Modern data integration and virtualization capabilities further simplify the use of multi-cloud technologies, says the data virtualization firm.

The third annual cloud usage survey of data virtualization firm Denodo has revealed statistics showing that hybrid cloud configurations were the center of all cloud deployments at 42%, followed by public (18%) and private clouds (17%) at the time of the Feb 2020 study.

The survey involved over 250 worldwide business executives and IT professionals from a diverse group of technical backgrounds. Its highlight finding is that hybrid and multi-cloud architectures have become the de-facto standard among organizations, with more than half (53%) embracing them as the most popular form of deployment.

According to respondents, the advantages of hybrid cloud configurations include the ability to diversify spend and skills, build resiliency, and cherry-pick features and capabilities depending on each cloud service provider’s particular strengths, all while avoiding the dreaded vendor lock-in.

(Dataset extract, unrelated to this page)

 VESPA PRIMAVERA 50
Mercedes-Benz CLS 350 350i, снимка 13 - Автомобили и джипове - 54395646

Year-over-year, the use of relatively-new container technologies increased by 50% indicating a growing trend to use it for scalability and portability to the cloud. DevOps professionals continued to look to containerization for production, because it enables reproducibility and the ability to automate deployments. About 80% of the respondents were leveraging some type of container implementation, with Docker being the most popular (50%) followed by Kubernetes (40%) which is gaining steam, as is evident from the consistent support of all the key cloud providers.

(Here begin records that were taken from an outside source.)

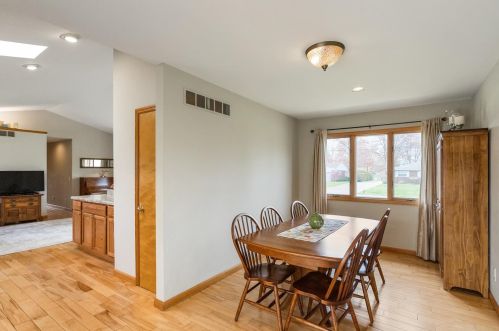 9146 Fidelis Dr, Cincinnati OH 45242-7431 exterior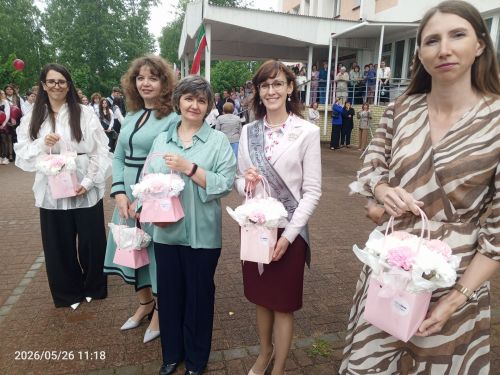 Во второй школе Болгара прозвенел последний звонок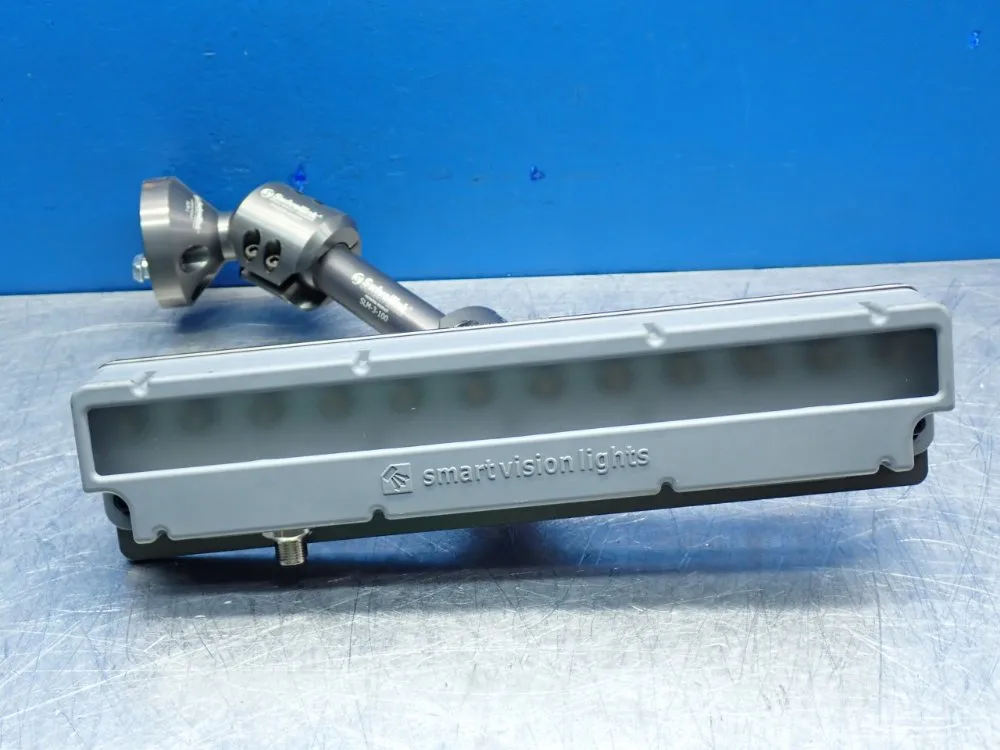 Smart Vision Lights Lc300-series Linear Light With Slm-621-l300 Swivel Link Mount - Lc300-625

As a foundational metric for demonstrating cloud adoption maturity, 78% of respondents were running some kind of a workload in the cloud. Over the past year, there had been a positive reinforcement of cloud adoption with at least a 10% increase across beginners, intermediate, and advanced adopters. About 90% of those embracing cloud were selecting Amazon Web Services (AWS) and Microsoft Azure as their service providers. But users were not just lifting their on-premises applications and shifting them to either of or both of these clouds; more than a third (35%) said they would re-architect their applications for the best-fit cloud architecture.

Most popular cloud tools

For the most popular cloud initiative, analytics and business intelligence (BI) came out at the top with two out of three (66%) participants claiming to use it for big data analytics projects.

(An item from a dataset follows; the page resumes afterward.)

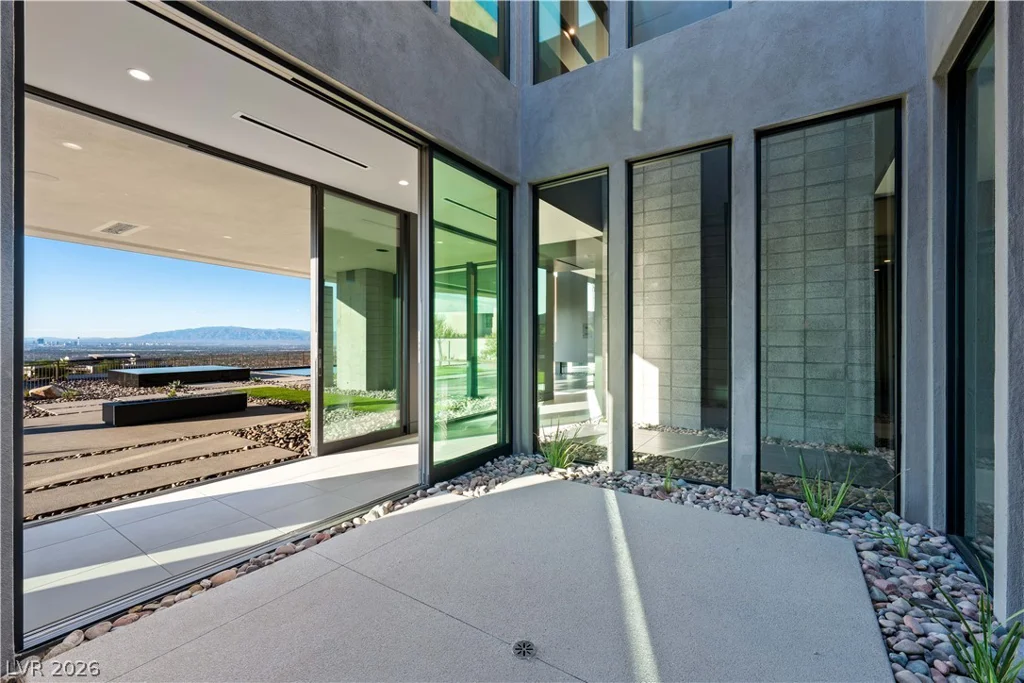 25 Boulderback, Henderson, NV 89012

AWS, Azure, and Google Cloud each has its own specific strengths, but analytics surfaced as the top use case across all three of them. This use case was followed closely by both logical data warehouse (42%) and data science (41%) in the cloud.

When it came to data formats, two thirds of the data being used was still in structured format (68%), while there was a vast pool of unstructured data that was growing in importance. Cloud object storage (47%) along with SaaS data (44%) were frequently used to maximize ease of computation and to optimize performance.

Further, cloud marketplaces are growing at a phenomenal speed and are becoming more popular. Half (50%) of those surveyed were leveraging cloud marketplaces with utility/pay-as-you-go-pricing being the most popular incentive (19%) followed by its self-service capability/ability to minimize IT dependency (13%). Avoiding a long-term commitment also played a role (6%).

Said Ravi Shankar, SVP and CMO, Denodo: “As data’s center of gravity shifts to the cloud, hybrid cloud and multi-cloud architectures are becoming the basis of data management, but the challenge of integrating data in the cloud has almost doubled (42%). Today, users are looking to simplify cloud data integration in a hybrid/multi-cloud environment without having to depend on heavy duty data migration or replication, which may be why almost 50% of respondents said they were considering data virtualization as a key part of their migration strategy.”